Bose AR smart glasses use audio to enhance everyday life

Bose has taken the wraps off Bose AR, a smart glasses prototype and first of its kind product for the company. Rather than dealing with visuals, Bose's wearable focuses on audio, the company's main product. Each arm on the smart glasses feature tiny integrated acoustic packages that deliver private audio to the wearer. The smart glasses are joined by the Bose AR SDK, which will be available to developers starting this summer.

Until now, augmented reality devices have focused on adding visual elements to the real world — virtual pets, visualized data, and more. Bose, though, wants to add audio onto your world, doing so in a way that is essentially invisible to everyone else. Bose AR glasses are designed to look like ordinary glasses; no one would suspect that they're delivering private audio to the person wearing them.

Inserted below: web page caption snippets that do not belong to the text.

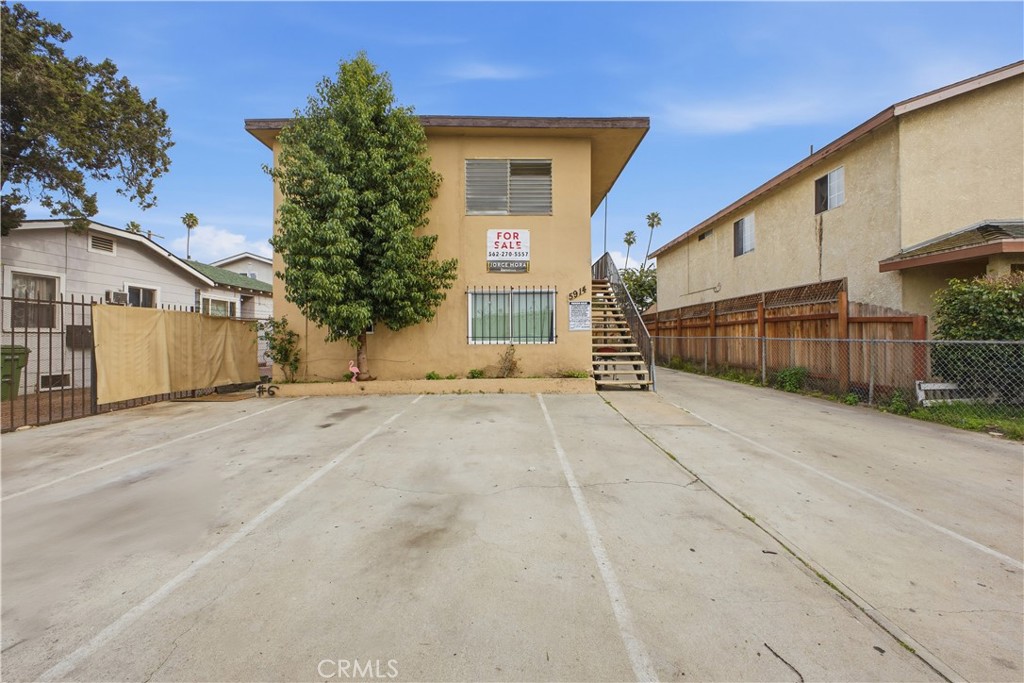 5914 S Hoover Property Photo 5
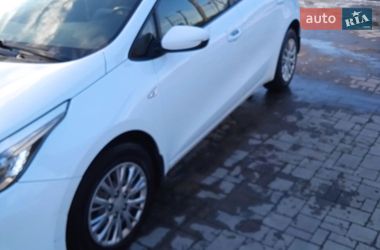 Хэтчбек Kia Ceed 2012 в Львове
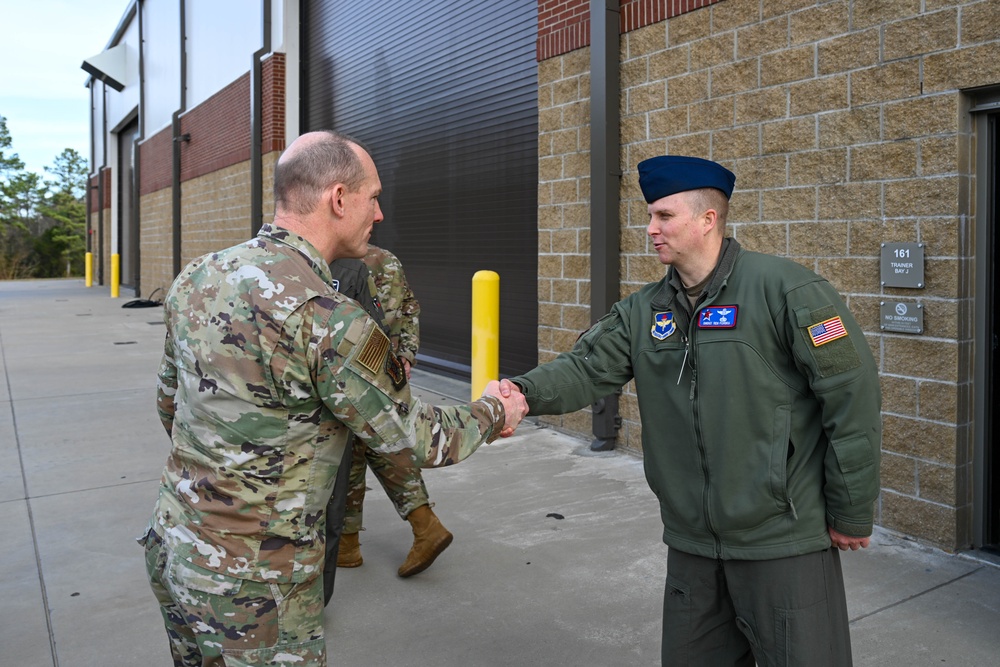 21st AF and USAFEC command team visits Team Little Rock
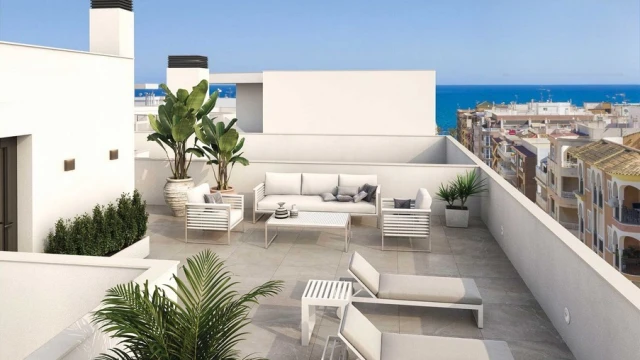 Роскошный пентхаус видом на море в центре города Торревьеха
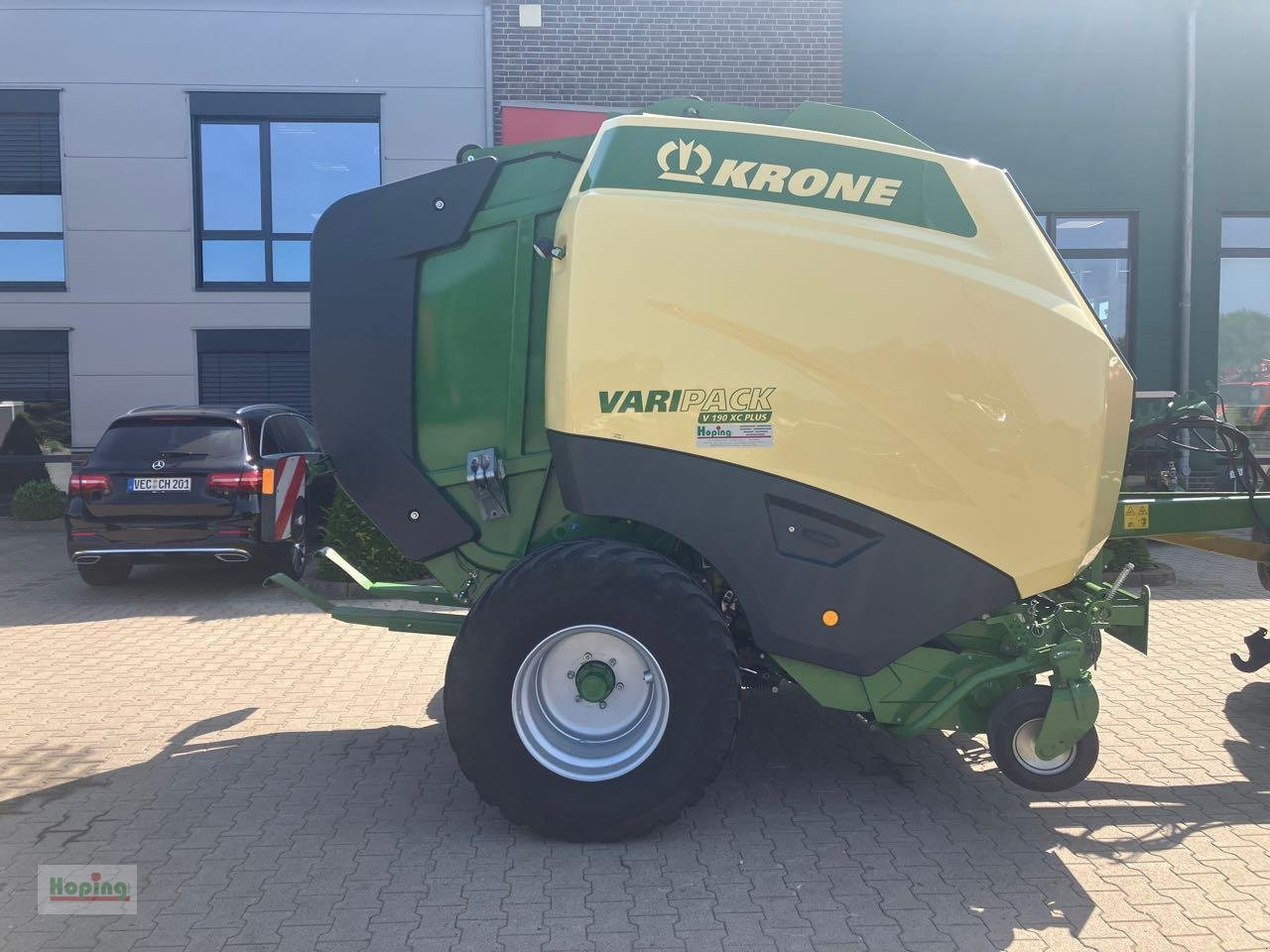 Krone VariPack V190 XC Plu - Rolo balirka: slika Krone VariPack V190 XC Plu - Rolo balirka Krone VariPack V190 XC Plu - Rolo balirka: slika Krone VariPack V190 XC Plu - Rolo balirka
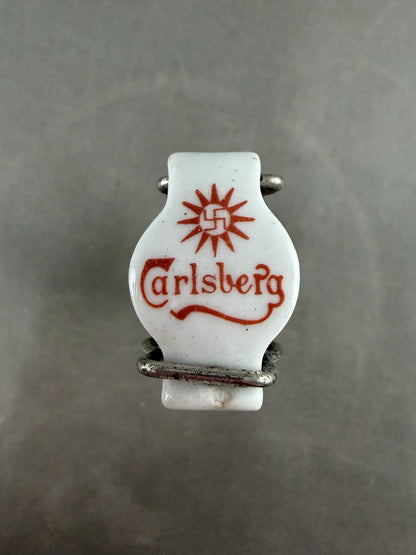 WW2 Dansk Carlsberg Flaske med Solhjul og etikette. Original.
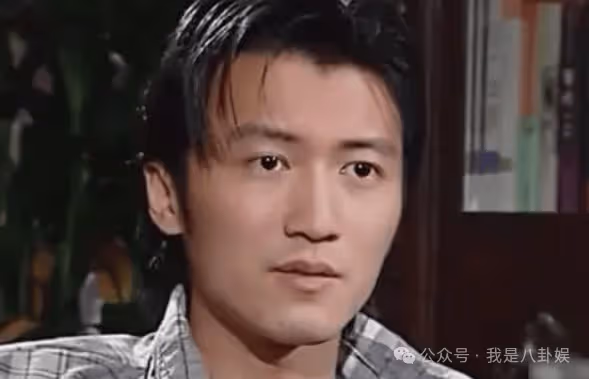 張柏芝離婚6年後,捏著手裡的兩條槓對謝霆鋒說:我有懷孕了怎麼辦?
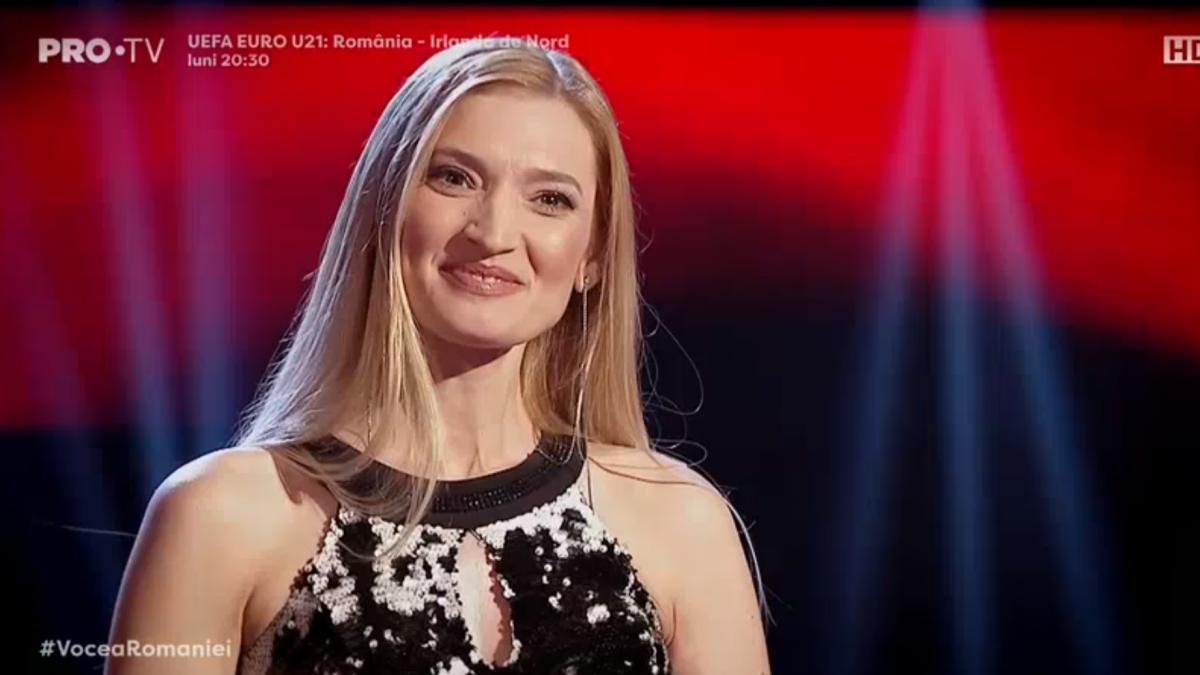 iulia-concurenta-vocea-romaniei_87144600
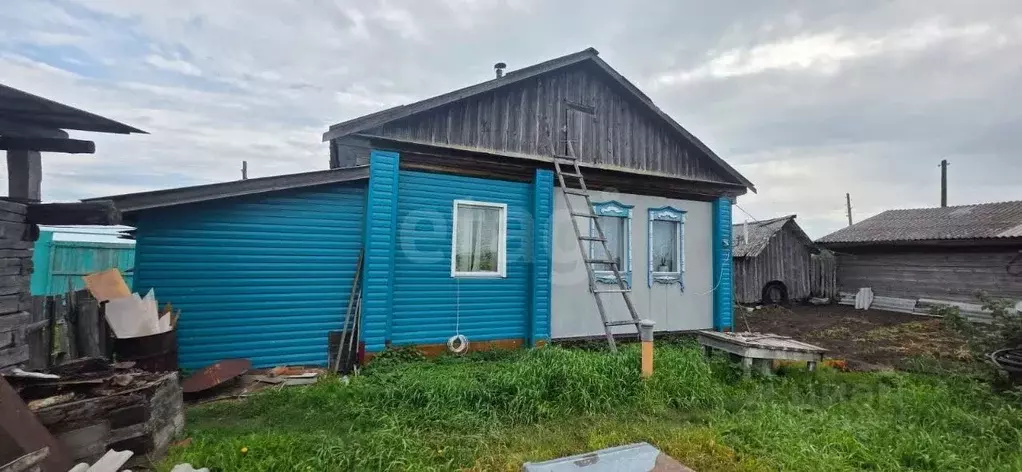 Дом в Курганская область, Белозерский муниципальный округ, д. Бунтина ... - Фото 1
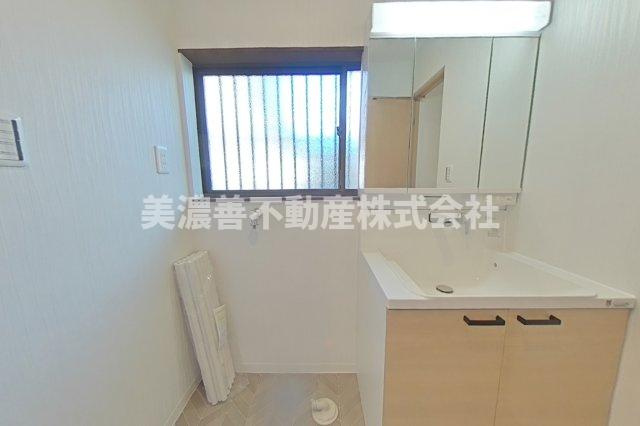 ６４３５０　岐阜市上土居中古戸建ての洗面所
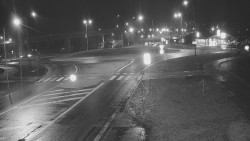 Křižovatka ulic Velká Dlážka a Polní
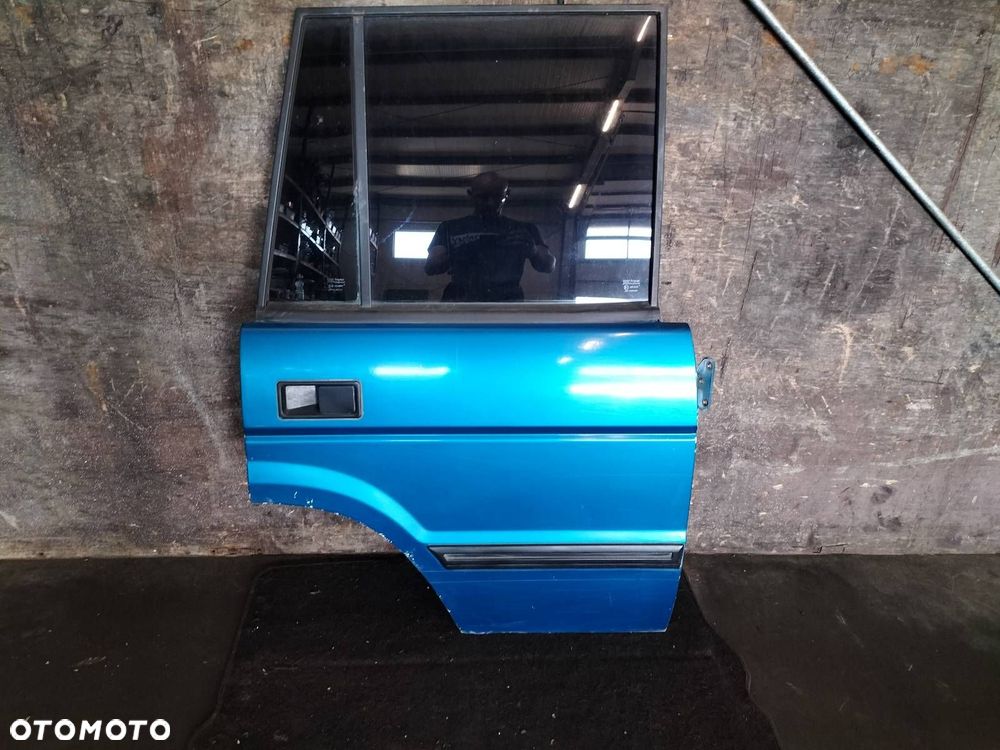 DRZWI KOMPLETNE PRAWY TYŁ LAND ROVER DISCOVERY I - 1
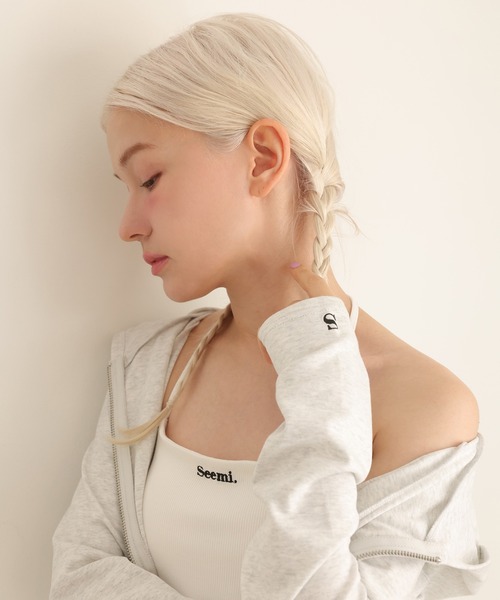 Seemi. byNICECLAUP（ シーミーバイナイスクラップ）の「【Seemi.】刺繍入りフリルチュニック（チュニック・レディース・杢グレー/ブラック/ホワイト・FREE）」の5枚目の写真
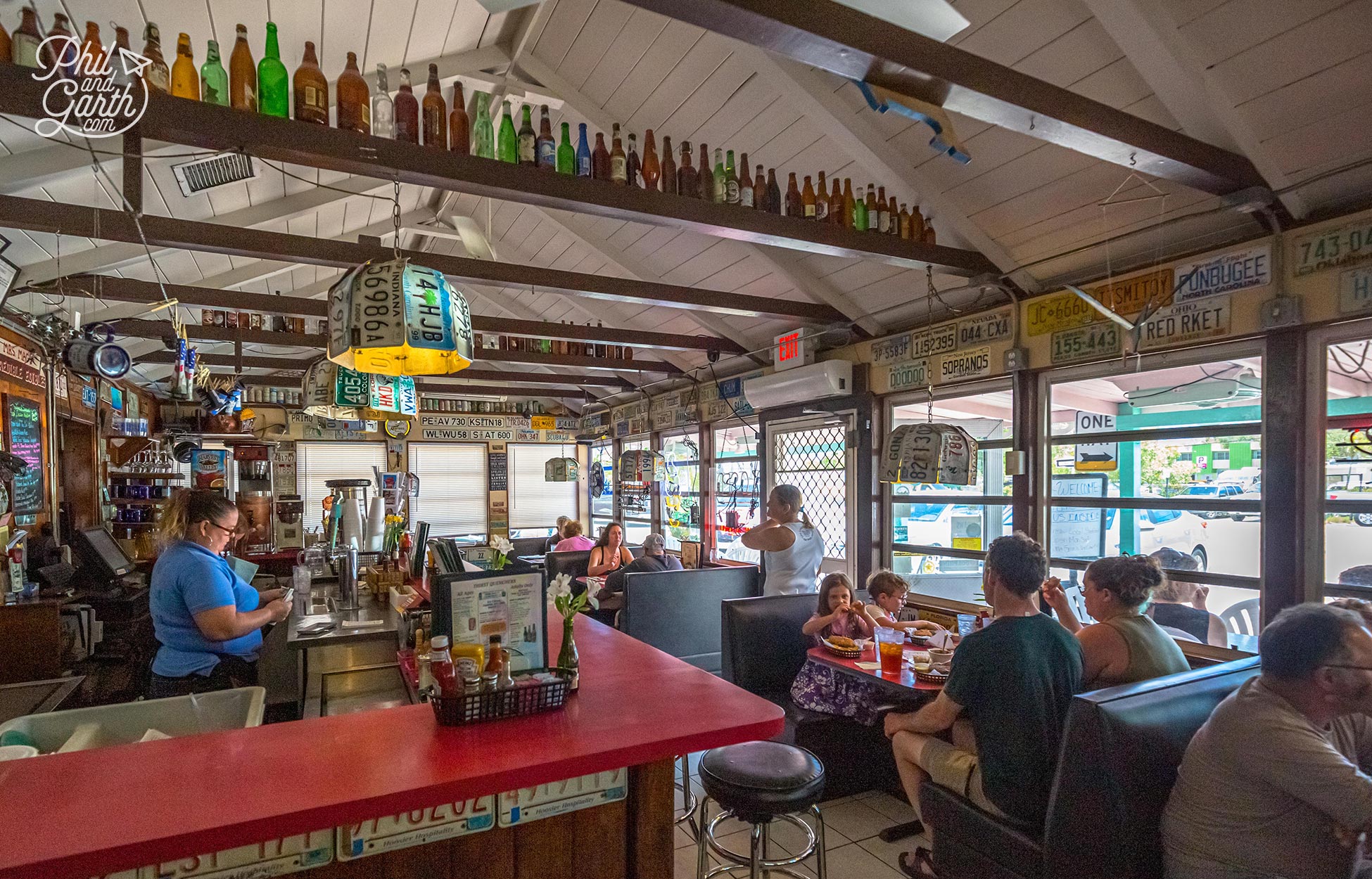 Drive From Miami To Key West 18 Things To Do In Key West Phil And Garth   Mrs Macs Kitchen On Key Largo Florida USA 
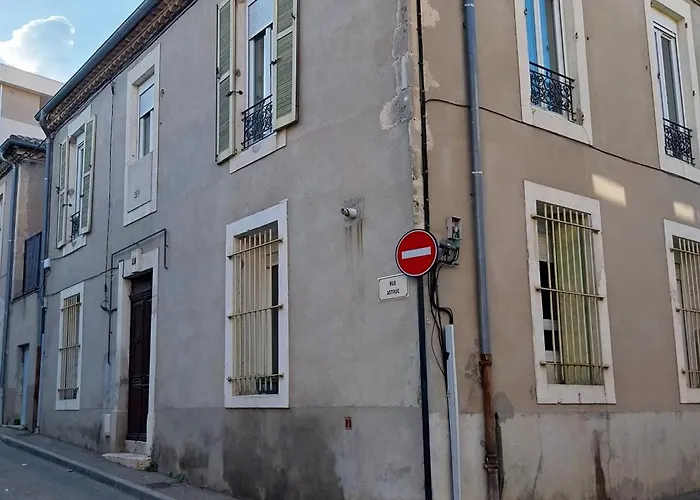 Spacieux 4 , Clim Au Coeur De Maisoncarreeconciergerie * Nîmes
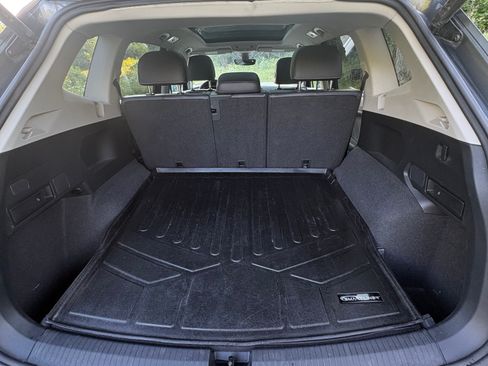 Used 2022 Volkswagen Tiguan SE w/ Panoramic Sunroof Package AWD/4WD image 15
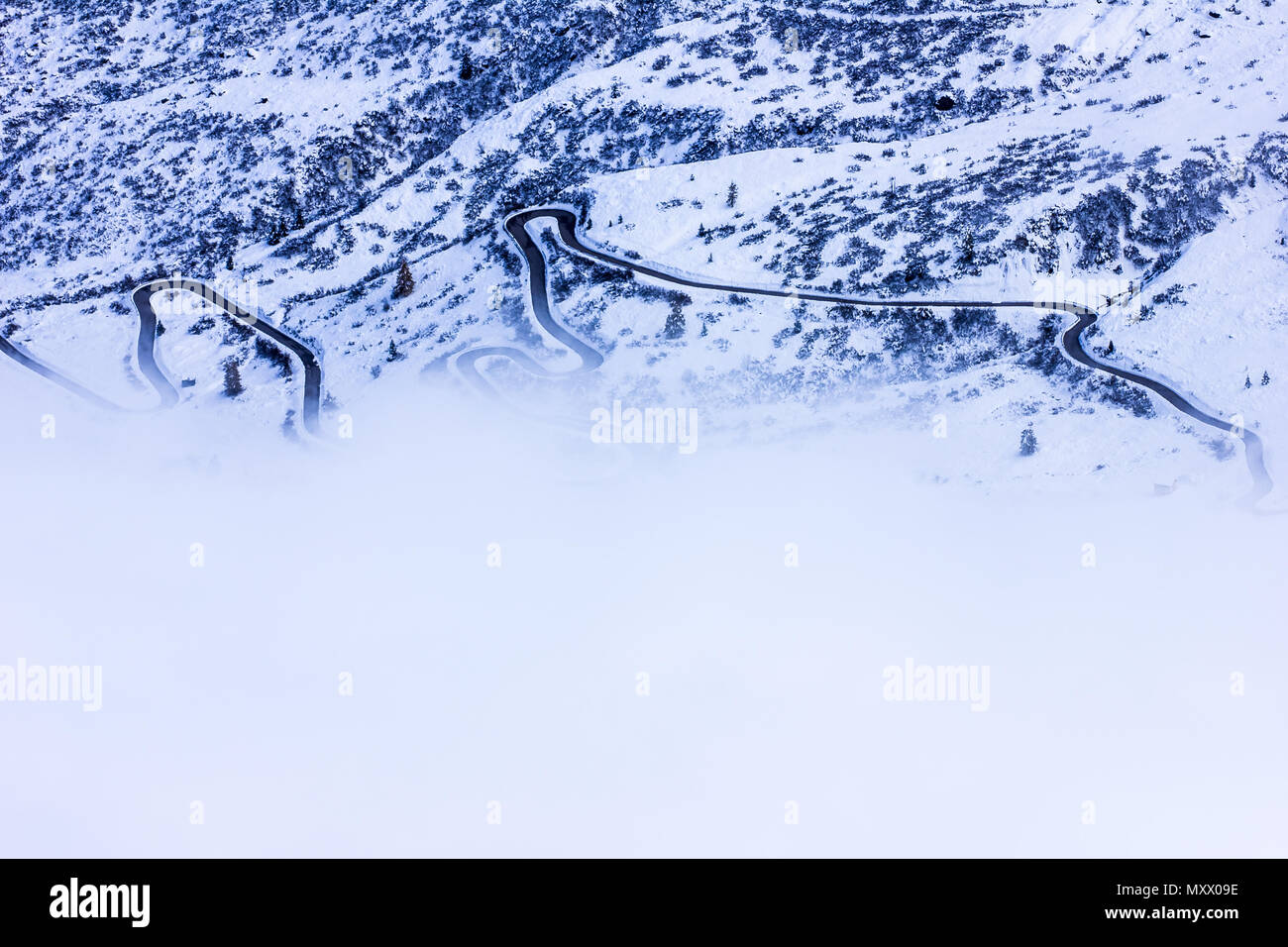 Winter Haarnadelkurve Road in der Nähe von Passo Giau, minimalistisch, Dolomiten, Italien Stockfoto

The prototype glasses feature what Bose refers to as proprietary tech that keeps the audio private. Bose AR is designed to work over Bluetooth with microphones, enabling the wearer to access Google Assistant, Siri, and to take phone calls. The model likewise features sensors designed to track location (using a smartphone's GPS) and the wearer's head motion.

A related mobile app for Android and iOS uses this information and more to send audio to the user; that audio will be "relevant, real-time content," according to Bose. The company details different situations in which its technology could be useful, such as delivering simulated historic event audio when the wearer is near a landmark, playing a speech delivered by someone when the wearer is near the speaker's monument, translating signs the wearer is looking at, providing the history behind artwork they're viewing, and more.

Bose Vice President of Consumer Electronics John Gordon said:

Bose AR represents a new kind of augmented reality— one that's made for anyone and every day. It places audio in your surroundings ... It knows which way you're facing, and can instantly connect that place and time with endless possibilities for travel, learning, music and more. And it can be added to products and apps we already use and love, removing some of the big obstacles that have kept AR on the sidelines.

Starting this summer, Bose will provide the Bose AR SDK and a limited number of Bose AR glasses to developers.